UK Anti-Doping (Ukad) fears it could be made insolvent or require a government bailout over a dispute with Tyson Fury. Former world heavyweight champion Fury tested positive for a banned steroid in June 2016, and says the adverse result came from eating uncastrated wild boar.
But a legal battle with Ukad over the evidence has meant Fury, 29, has not fought for two years.
Now senior figures at the agency are worried if he were cleared, Fury could sue for loss of earnings.
Given he reportedly makes up to £5m a fight before other revenue streams are factored in, any potential payout would severely challenge Ukad with its annual budget of around £8m.
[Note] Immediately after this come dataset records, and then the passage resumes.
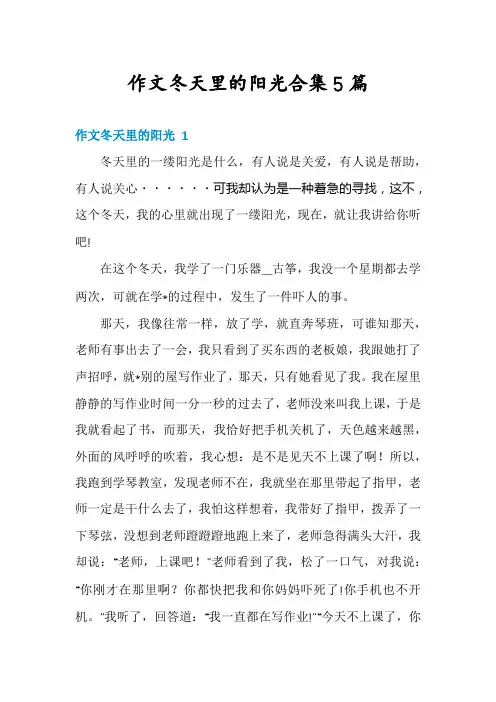 作文冬天里的阳光合集5篇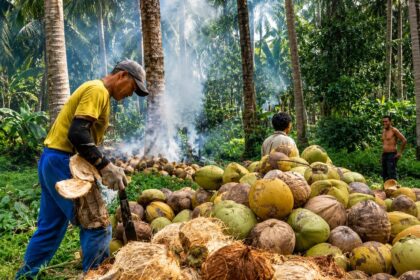 usaha pengolahan kelapa rumahan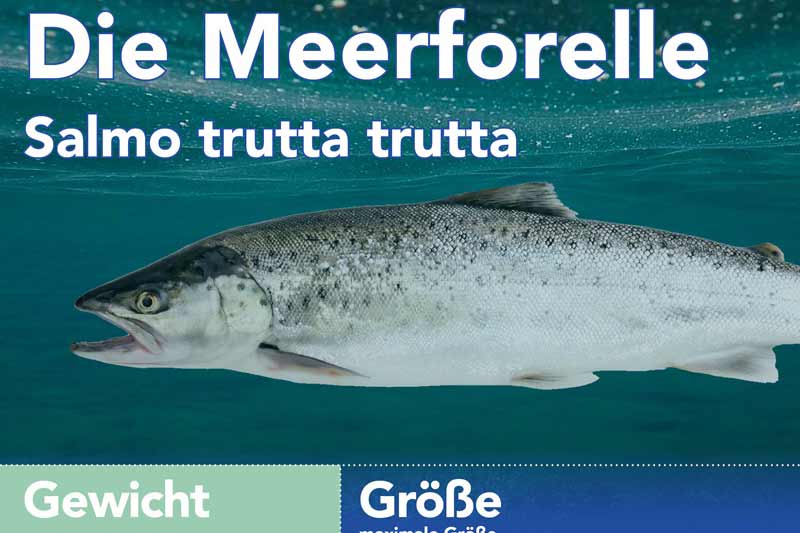 Die Meerforelle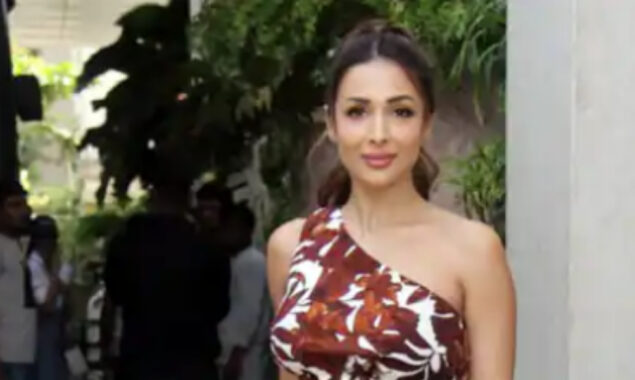 Malaika Arora raises temperature in these slinky looks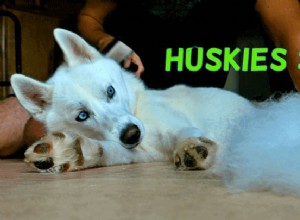How Much Do Huskies Shed? Complete Guide to Huskies  Fur and Care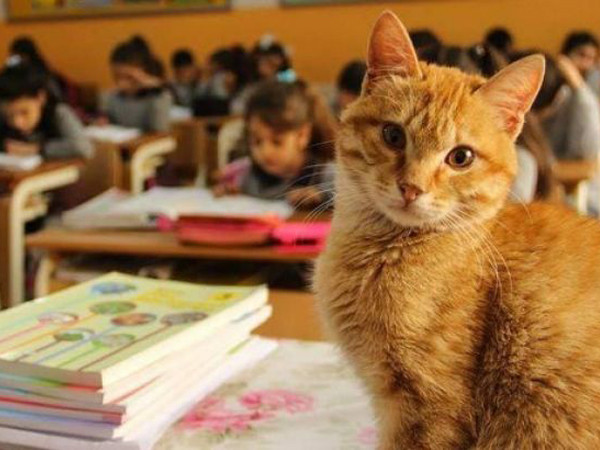 Không chỉ trông nhà hay bắt chuột, những boss này có khả năng hơn thế nhiều!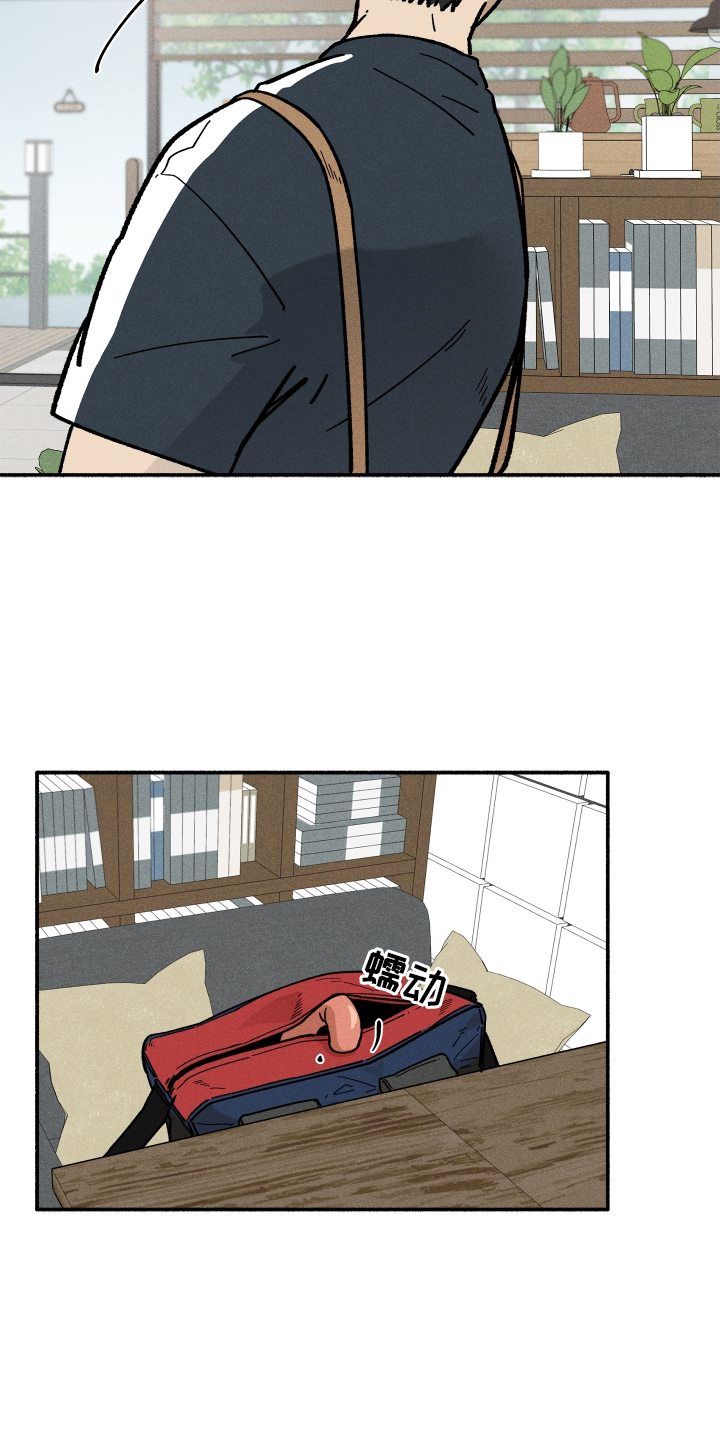 第38章：照片6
The public body would also face legal costs for its own lawyers and potentially those of the Fury camp.
The issue has been discussed by Ukad's board recently and has been raised in meetings with the Department for Digital, Culture, Media and Sport (DCMS), through whom they are accountable to Parliament.
Ukad is believed to have sought guidance from the Government on whether it will effectively underwrite the case.
Ukad and the DCMS both said they were unable to comment.
However, BBC Sport understands Ukad - and then DCMS - are not of a mind to drop the case, amid concerns over the effect such an action would have on integrity of the anti-doping process.
In addition, there are fears it would signal to sports stars that it is possible to draw out proceedings and effectively undermine the organisation charged with maintaining clean sport.